We conducted a thorough literature review of sociological, public health, and psychological theories of behavior change and community transformation, as well as a review of existing metrics of sustainability. While metric development was influenced by existing validated metrics, it also had a significant bottom-up component. The research team solicited input from a broad range of constituents to ensure that the survey items included were of broad community interest and value. Community stakeholders were invited to submit questions to ensure that we had measures relevant for evaluating existing community initiatives and programs. Upon completion of the surveys, researchers reported back to community stakeholders, and these results have been used to inform outreach efforts and strengthen funding proposals.

The major constructs we measured were:

• Individual-level psychological variables such as attitudes, norm perceptions, identity, and efficacy around environmental issues.

• Household behavior that impacts physical and economic systems, including recycling, transportation, buying habits, and resource use. Energy-related behaviors would be used to estimate the carbon footprint.

• Measures of the individual’s relationship to the community and the extent to which core social needs are met through the community.11 This included measures of belonging that are sensitive to social justice concerns (gentrification), measures of trust (neighborliness, town-gown relations), and measures of community members’ sense that their social and demographic groups are valued by the community.

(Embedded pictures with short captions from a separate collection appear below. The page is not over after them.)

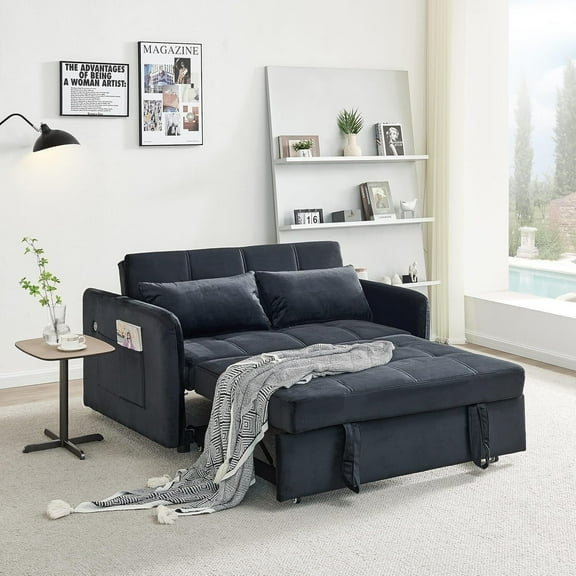 AENKYO 55.5" Pull-Out Loveseat Sleeper Sofa Bed with USB Ports and Side Pockets – Black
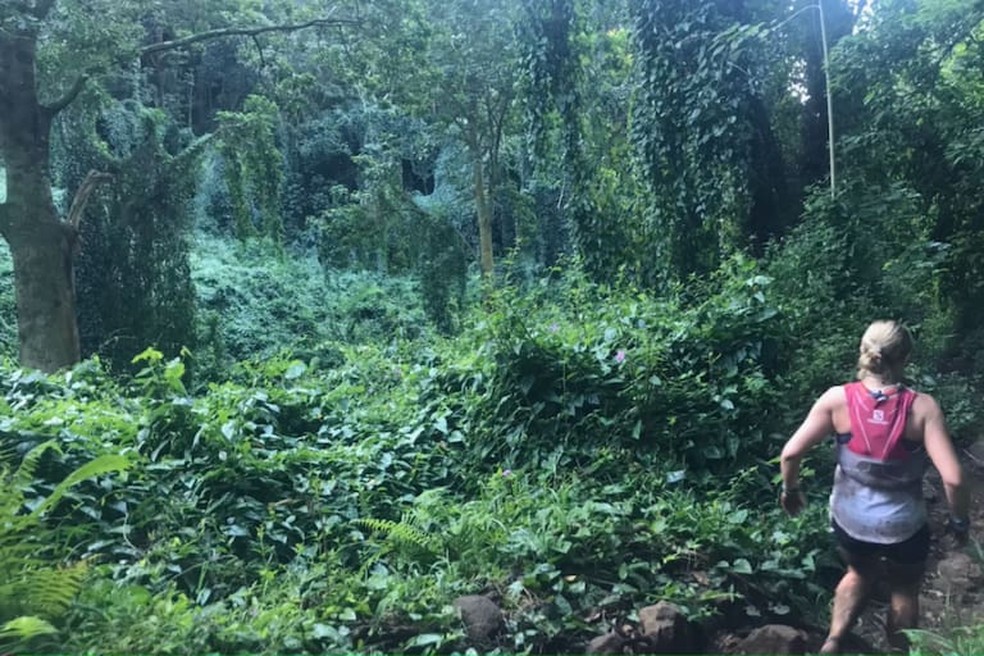 Foto tirada momentos antes da aparição do suposto demônio mostra área livre de pessoas — Foto: reprodução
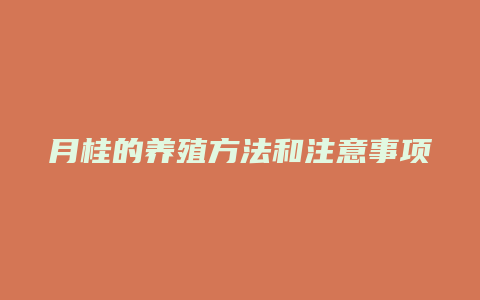 月桂的养殖方法和注意事项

• Measures relevant to particular local initiatives, including the plan to build a new LEED-certified public school campus and a burgeoning local foods market.

The social metrics we developed are significantly different from traditional socio-economic variables commonly used as sustainability indicators. Our indicators are informed by developments in the field of sociology, social psychology, and community-based social marketing (see figure 1). The final survey was made up of 137 questions, and took approximately 25 minutes to complete. Although our main interests were in assessing what was happening in Oberlin, we included a control community, a nearby college similar to Oberlin in terms of demographic characteristics but not yet engaged in comprehensive efforts to become more sustainable. This control community will allow us to determine if interventions in Oberlin are actually speeding up the transition to sustainability, simply mirroring a broader cultural shift, or even possibly counter-productive.

Another important goal was to develop a survey strategy that could be replicated in communities without high levels of resources and expertise. Developing and validating the survey instrument took considerable staff time and expertise, but once standard metrics are established, they can be shared freely with other communities. By using an online survey platform we minimized costs (print copies were made available upon request). Sample recruitment was also low budget. Sampled households were initially sent letters inviting participation, followed by two rounds of postcards and hand-delivered reminder cards. We offered no financial incentives, and yet achieved a response rate of 36 percent. In all, the direct expenses of data collection did not exceed $1500.


Figure 1: Metrics of full-spectrum sustainability

Connecting Social with Physical Metrics

The transformation of physical systems is central to creating full spectrum sustainability and requires fundamental changes in the pattern and magnitude of energy flows, material cycles, and land-use along with their measurements. A physical metrics framework to collect, organize, and track information on physical resources pertaining to a community should include both the natural capital of the area and the flow of resources through it, including consumptive uses (see figure 1). Data availability varies widely across indicators with some areas (e.g. energy, water, waste) having long-term baseline data available whereas others (e.g. biodiversity, air quality) have very limited data availability at the local scale.

Existing community sustainability indicators often fail to make meaningful connections between physical and social metrics. For example, measures of total energy and resource use can be reliably calculated with access to public utility data. But in order to understand how individual and collective behavioral changes translate into community-level energy use reductions, measures of related behavioral, economic, and social dimensions of change are also necessary. Without such a connection, it is impossible to evaluate the efficacy and cost effectiveness of competing local intervention strategies.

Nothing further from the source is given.